▶ _PROBLEM STATEMENT_: Leave out all pictures. Extract exactly the lines from the one containing "this 1000×797 image." through the end of the data.

[Stored items from a collection]

————

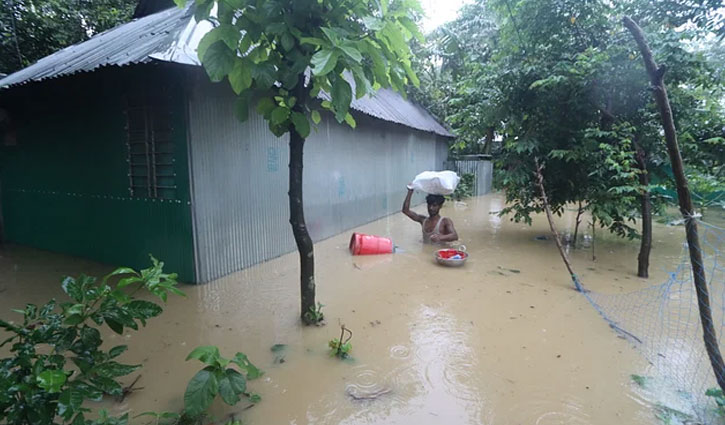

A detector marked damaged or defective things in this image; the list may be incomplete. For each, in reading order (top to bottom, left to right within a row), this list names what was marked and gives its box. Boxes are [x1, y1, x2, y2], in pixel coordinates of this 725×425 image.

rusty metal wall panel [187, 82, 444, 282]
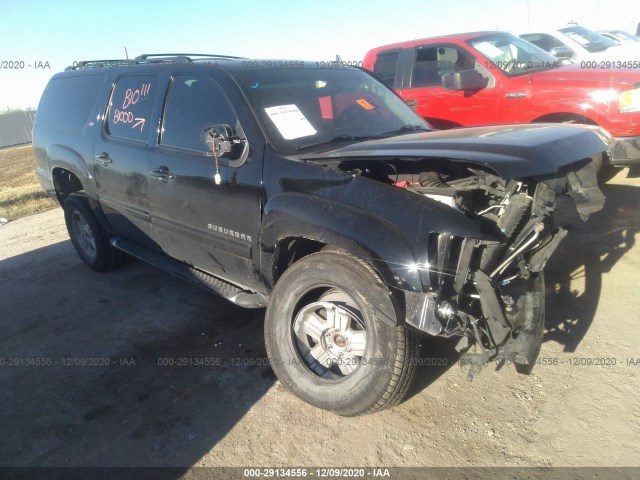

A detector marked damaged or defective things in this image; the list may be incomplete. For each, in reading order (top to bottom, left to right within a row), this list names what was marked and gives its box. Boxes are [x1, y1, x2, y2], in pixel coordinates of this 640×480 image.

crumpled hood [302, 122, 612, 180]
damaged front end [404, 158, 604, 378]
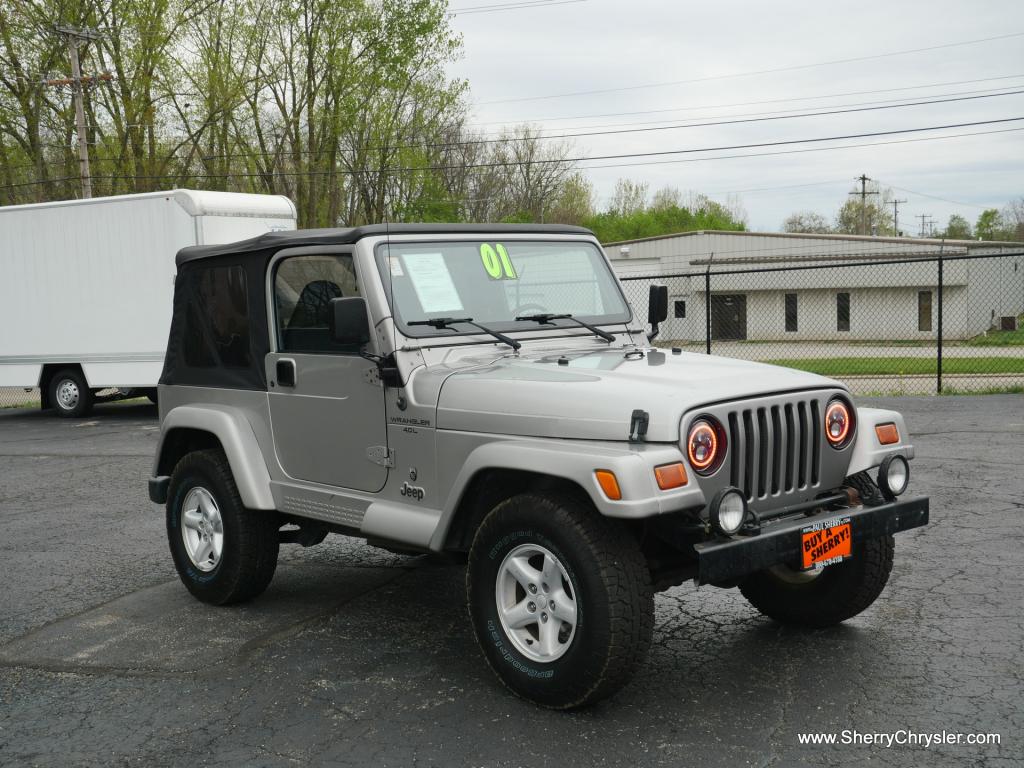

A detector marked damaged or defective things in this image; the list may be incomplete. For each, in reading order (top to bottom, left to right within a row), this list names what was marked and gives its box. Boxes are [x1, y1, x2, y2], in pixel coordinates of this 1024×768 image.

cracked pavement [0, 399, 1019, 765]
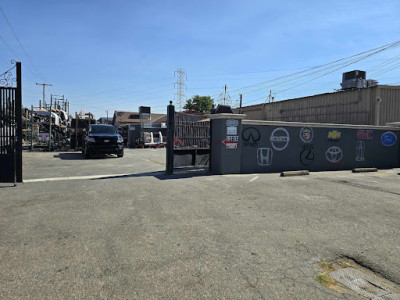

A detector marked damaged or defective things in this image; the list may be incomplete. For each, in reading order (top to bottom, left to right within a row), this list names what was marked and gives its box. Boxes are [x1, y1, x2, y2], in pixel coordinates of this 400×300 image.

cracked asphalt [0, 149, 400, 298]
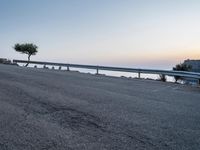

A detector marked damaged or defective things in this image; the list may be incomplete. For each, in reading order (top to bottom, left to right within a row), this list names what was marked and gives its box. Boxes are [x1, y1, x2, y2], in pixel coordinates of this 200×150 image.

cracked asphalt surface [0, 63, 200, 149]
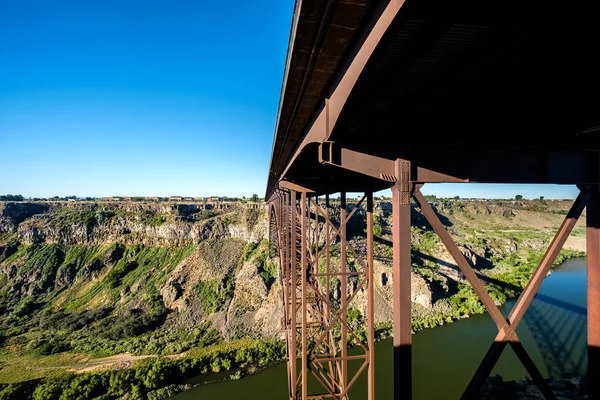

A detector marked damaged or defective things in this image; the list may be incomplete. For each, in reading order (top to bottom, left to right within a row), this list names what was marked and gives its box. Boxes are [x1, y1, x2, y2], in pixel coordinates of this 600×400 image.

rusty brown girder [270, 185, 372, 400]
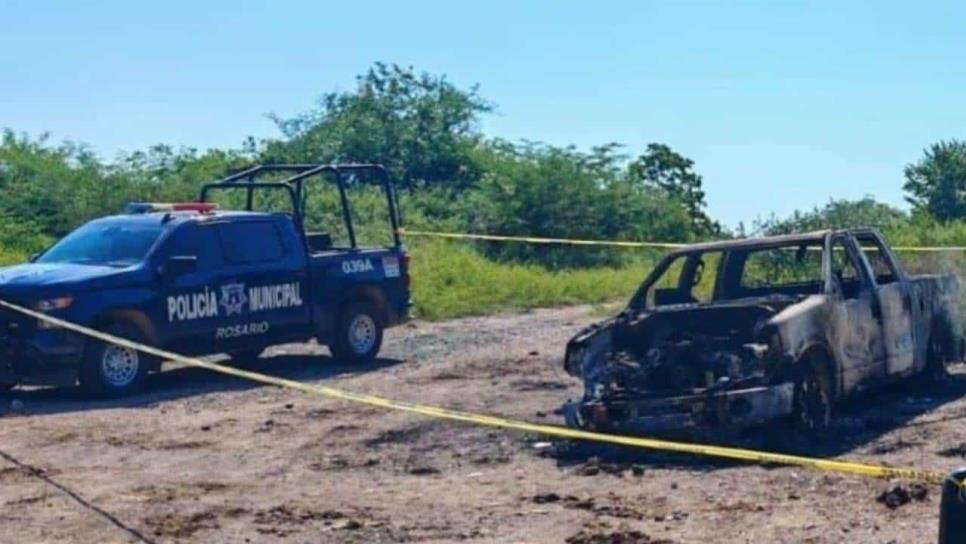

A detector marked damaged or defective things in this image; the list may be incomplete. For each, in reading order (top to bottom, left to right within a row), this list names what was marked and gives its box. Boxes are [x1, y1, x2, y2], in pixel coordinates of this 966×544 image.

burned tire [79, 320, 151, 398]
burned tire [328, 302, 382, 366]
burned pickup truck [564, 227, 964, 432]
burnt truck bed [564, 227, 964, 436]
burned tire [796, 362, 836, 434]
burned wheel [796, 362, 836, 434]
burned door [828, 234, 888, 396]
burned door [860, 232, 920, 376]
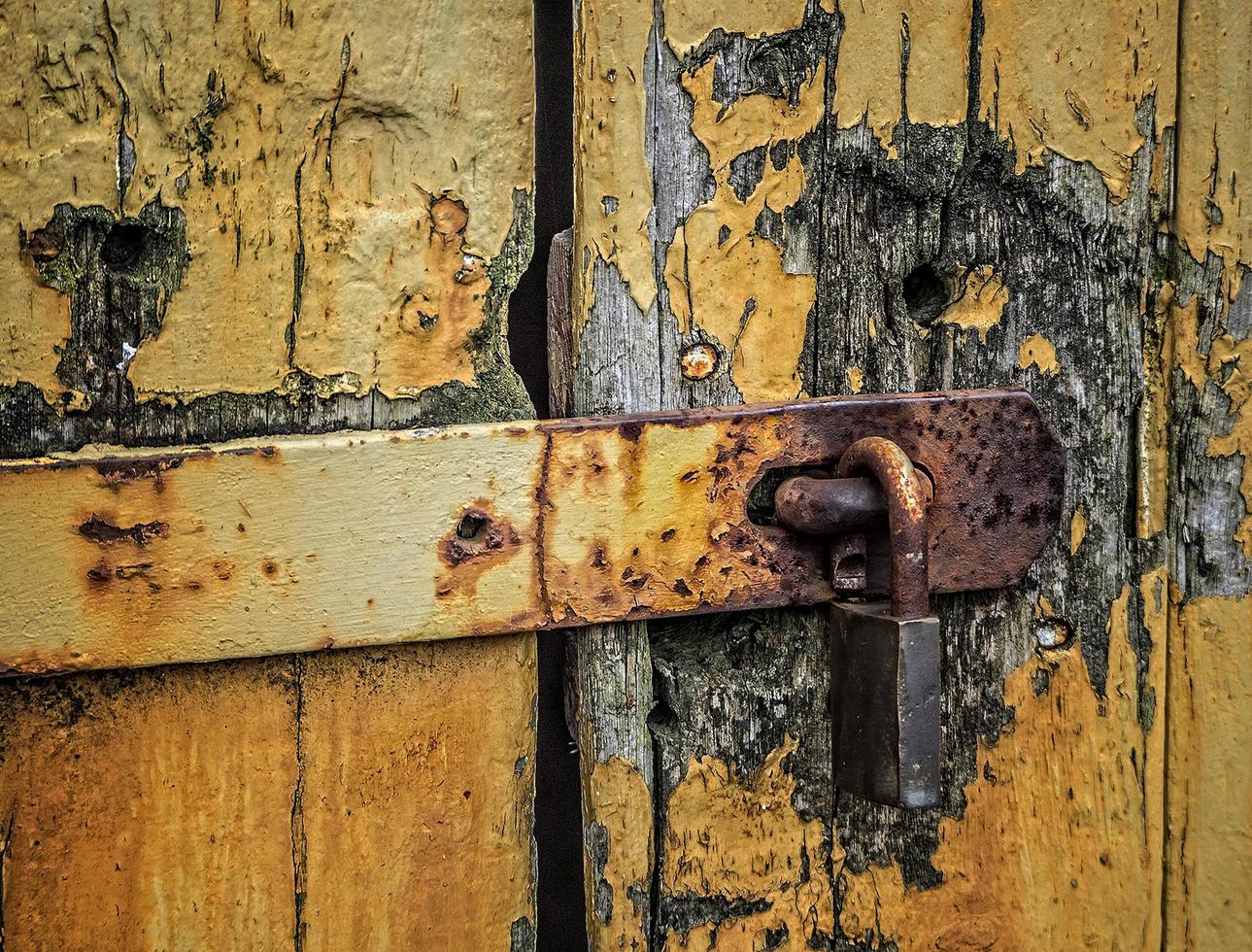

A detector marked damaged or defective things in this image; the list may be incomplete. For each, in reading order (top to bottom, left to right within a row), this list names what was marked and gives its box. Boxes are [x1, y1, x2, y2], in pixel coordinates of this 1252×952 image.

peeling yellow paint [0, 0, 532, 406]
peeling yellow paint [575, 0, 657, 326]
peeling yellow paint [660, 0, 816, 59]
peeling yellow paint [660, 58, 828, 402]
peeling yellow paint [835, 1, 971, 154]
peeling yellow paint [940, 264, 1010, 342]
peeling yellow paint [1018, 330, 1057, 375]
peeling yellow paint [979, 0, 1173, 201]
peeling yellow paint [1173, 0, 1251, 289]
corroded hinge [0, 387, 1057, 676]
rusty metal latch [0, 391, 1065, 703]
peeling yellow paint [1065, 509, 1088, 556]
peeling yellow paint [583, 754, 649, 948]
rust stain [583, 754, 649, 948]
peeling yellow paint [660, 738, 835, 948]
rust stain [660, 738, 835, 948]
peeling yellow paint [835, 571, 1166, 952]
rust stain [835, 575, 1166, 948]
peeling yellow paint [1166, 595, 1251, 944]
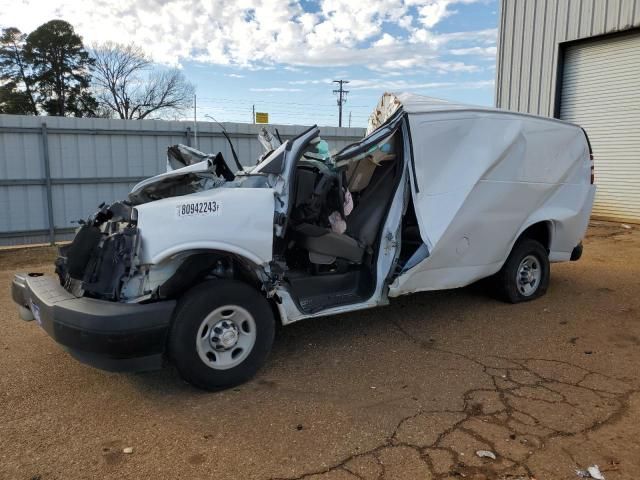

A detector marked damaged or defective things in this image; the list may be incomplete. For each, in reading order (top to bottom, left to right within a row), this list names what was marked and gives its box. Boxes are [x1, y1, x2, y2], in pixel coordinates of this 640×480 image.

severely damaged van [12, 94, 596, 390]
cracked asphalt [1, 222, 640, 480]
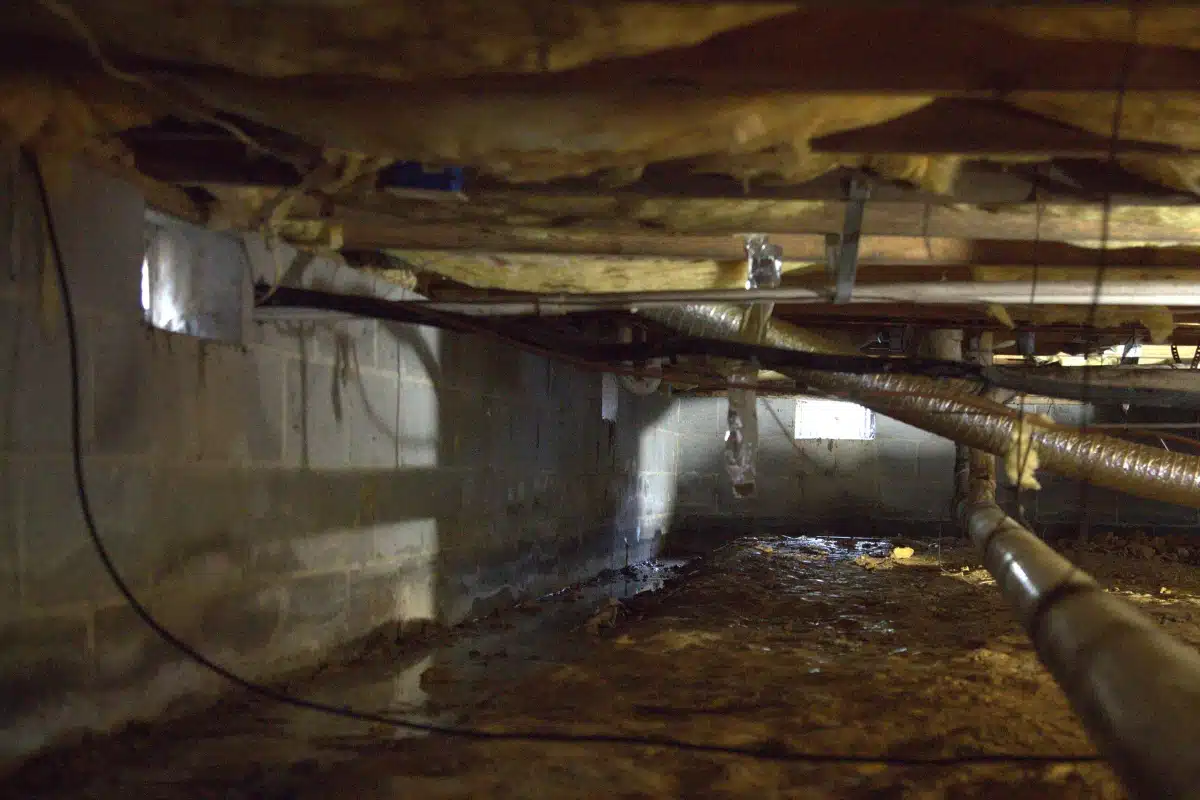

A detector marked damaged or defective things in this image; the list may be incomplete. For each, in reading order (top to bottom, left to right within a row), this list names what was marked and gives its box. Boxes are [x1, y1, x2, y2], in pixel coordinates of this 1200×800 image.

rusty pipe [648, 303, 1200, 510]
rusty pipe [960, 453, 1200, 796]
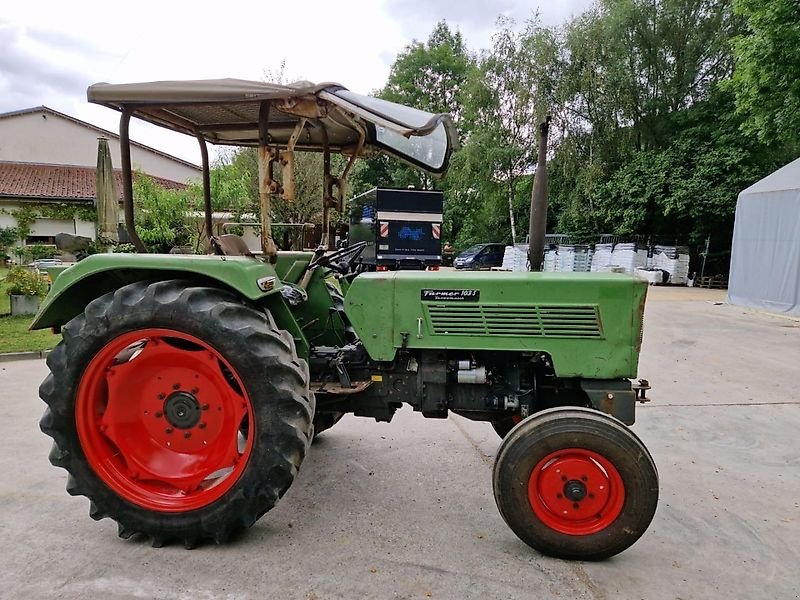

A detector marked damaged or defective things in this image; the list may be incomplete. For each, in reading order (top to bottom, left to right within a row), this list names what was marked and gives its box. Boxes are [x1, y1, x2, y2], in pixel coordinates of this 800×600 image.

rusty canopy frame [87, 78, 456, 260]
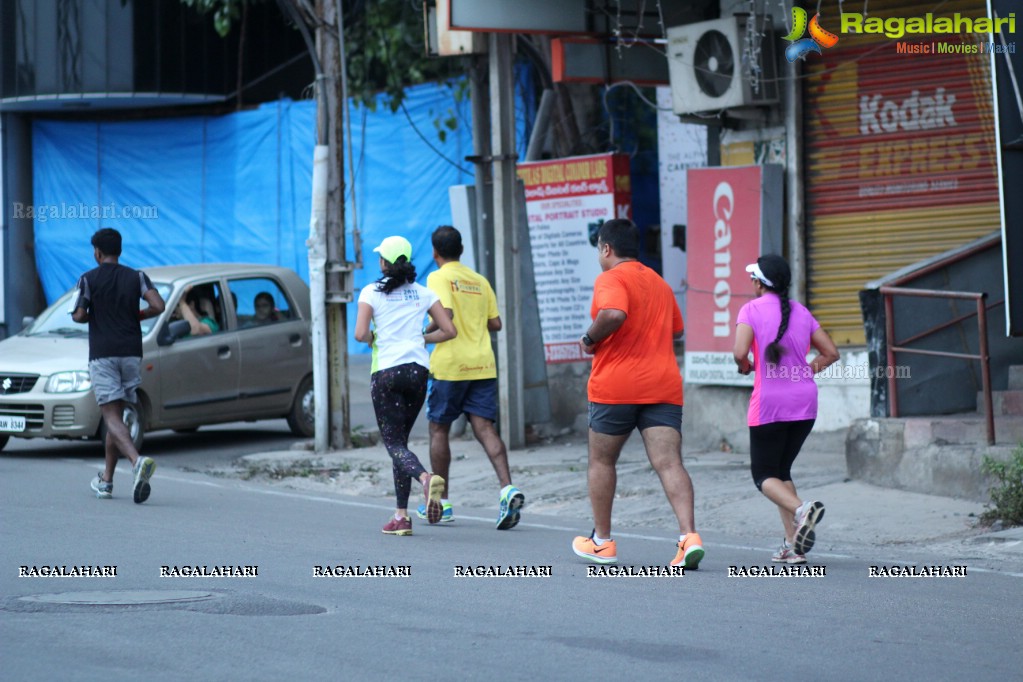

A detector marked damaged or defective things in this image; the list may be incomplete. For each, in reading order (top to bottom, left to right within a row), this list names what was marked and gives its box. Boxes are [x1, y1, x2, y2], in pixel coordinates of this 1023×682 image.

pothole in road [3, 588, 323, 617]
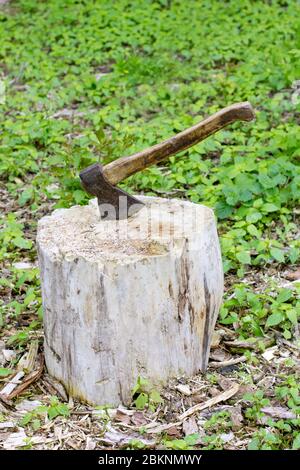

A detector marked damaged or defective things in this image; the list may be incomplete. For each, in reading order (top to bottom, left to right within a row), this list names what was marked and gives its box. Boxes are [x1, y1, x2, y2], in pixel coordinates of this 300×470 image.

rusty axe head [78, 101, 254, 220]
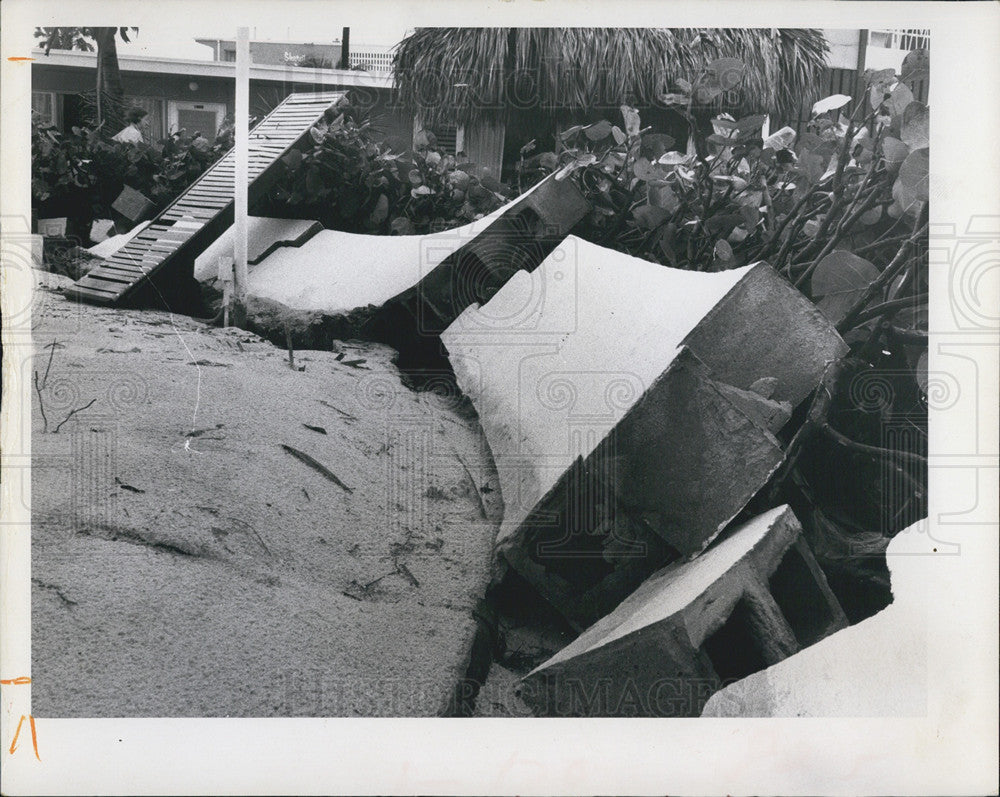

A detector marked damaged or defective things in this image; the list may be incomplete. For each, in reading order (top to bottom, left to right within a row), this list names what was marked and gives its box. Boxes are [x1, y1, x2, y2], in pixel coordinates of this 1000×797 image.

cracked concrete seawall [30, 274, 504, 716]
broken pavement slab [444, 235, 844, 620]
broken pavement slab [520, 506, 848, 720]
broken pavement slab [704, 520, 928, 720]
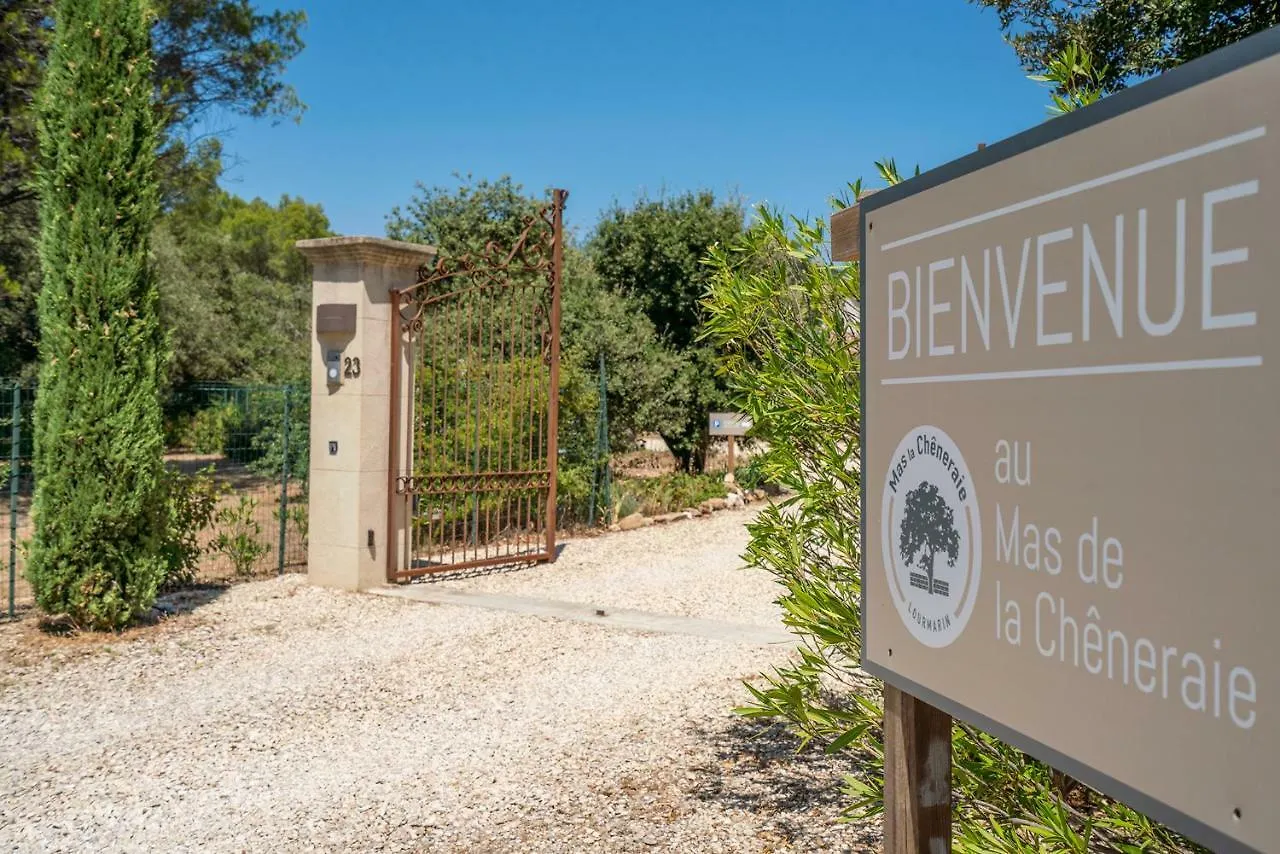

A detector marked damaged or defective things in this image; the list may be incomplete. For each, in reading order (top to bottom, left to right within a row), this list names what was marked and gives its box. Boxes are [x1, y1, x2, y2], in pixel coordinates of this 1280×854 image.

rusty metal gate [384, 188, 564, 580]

————

▶ _RESPONSE TO THE EXERCISE_:
A detector marked damaged or defective things in this image; the list may be incomplete. For each, in reading order (top to bottom, left to right within a row), this list names what was marked and gives its box. Boxes are [x1, y1, x2, y2], in pixel coordinates of this 1000×797 image.

cracked concrete seawall [30, 274, 504, 716]
broken pavement slab [444, 235, 844, 620]
broken pavement slab [520, 506, 848, 720]
broken pavement slab [704, 520, 928, 720]

A detector marked damaged or defective things in this image; the list may be incomplete. For each, in reading order (top to bottom, left to right within a row), this list names what was marked and gives its box. Boxes are [x1, y1, x2, y2], in pixel coordinates of this 1280×854 image.

rusty metal gate [384, 188, 564, 580]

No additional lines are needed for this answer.